Three practice sessions were held before the race; the first on May 24, 2012, which lasted 120 minutes. The second and third took place on Saturday, May 26, 2012. The first Saturday practice lasted 55 minutes, while the second was 60 minutes. Marcos Ambrose was quickest with a time of 28.539 seconds in the first session, five-thousandths of a second faster than Landon Cassill. A. J. Allmendinger was third quickest, followed by Biffle, Clint Bowyer, and Aric Almirola. Joey Logano was seventh, still within two-tenths of a second of Ambrose's time.

Forty-seven cars were entered for qualifying on May 24, 2012, but only forty-three could qualify for the race because of NASCAR's qualifying procedure. Almirola of Richard Petty Motorsports clinched the first pole position of his Sprint Cup Series career, with a time of 27.988 seconds. He was joined on the front row of the grid by his teammate Ambrose. Johnson qualified third, Biffle took fourth, and Bowyer started fifth.
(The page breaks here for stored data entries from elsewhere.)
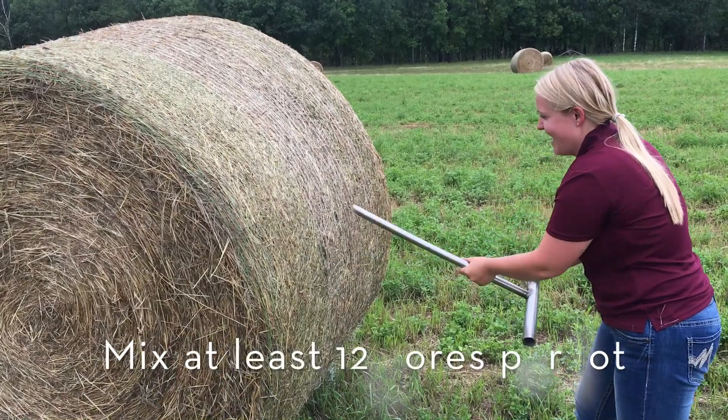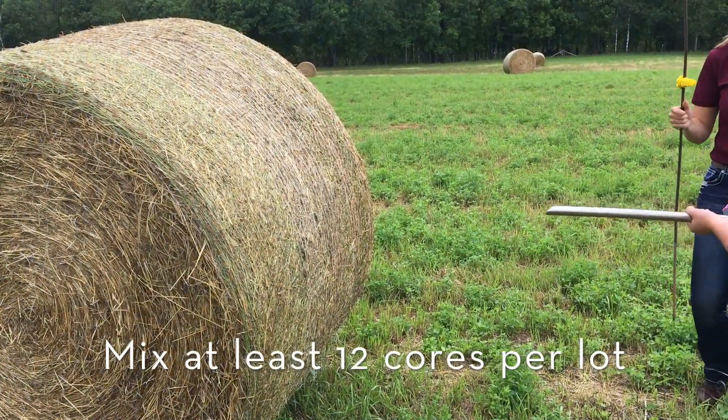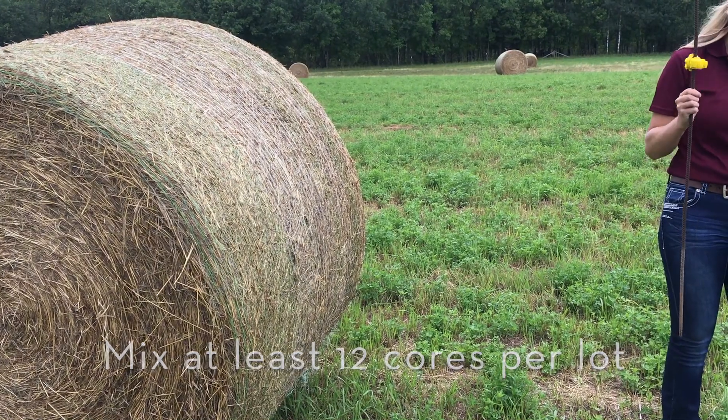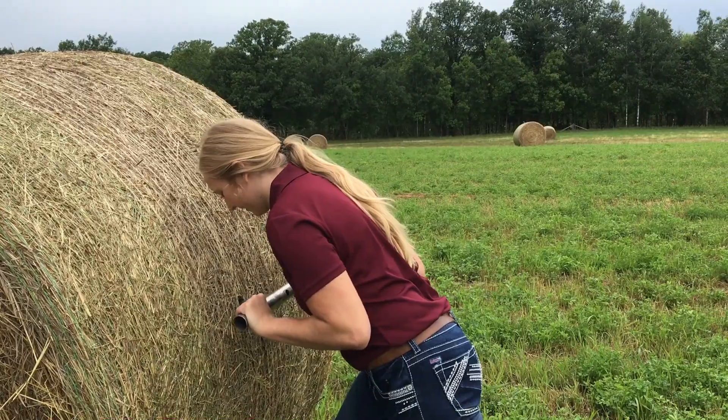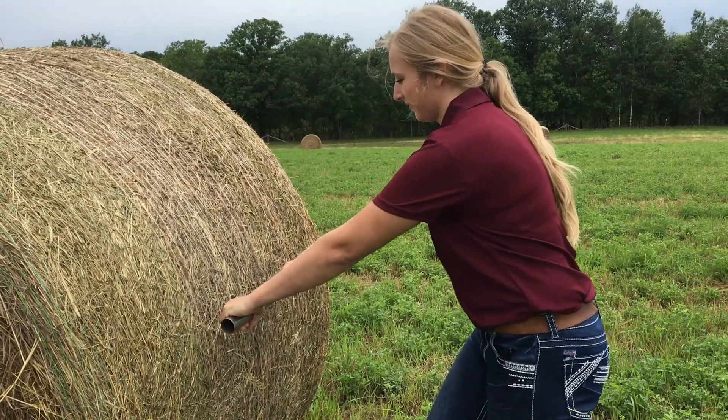To get a representative sample, it is important to mix a minimum of 12 cores per lot. A lot is a group of bales that are expected to have similar nutrient composition — for example, all of the bales from a single field harvested on the same date.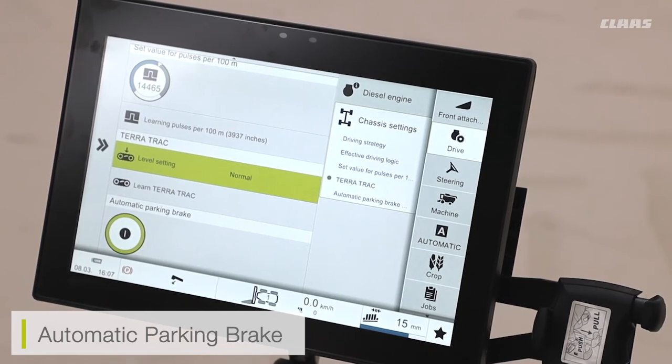If I am putting my machine away for long periods of time or I'm on a bank and I do not want to use the automatic park brake, I can press down on my parking pedal inside the cab and that's going to fully enable the park brake.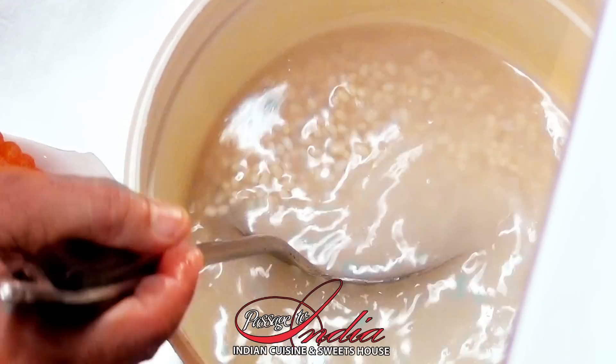First, take the white lentils, soak in the water two and a half hours and grind it finely.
Mark Martin, Kasey Kahne, Hamlin, Paul Menard and Regan Smith rounded out the top ten. Kurt Busch failed to finish his qualifying lap after colliding into the SAFER barrier, but will remain on the grid as his team is in the Top 35 in owner's points. The four drivers that failed to qualify for the race were Mike Bliss, David Reutimann, J. J. Yeley and Scott Riggs.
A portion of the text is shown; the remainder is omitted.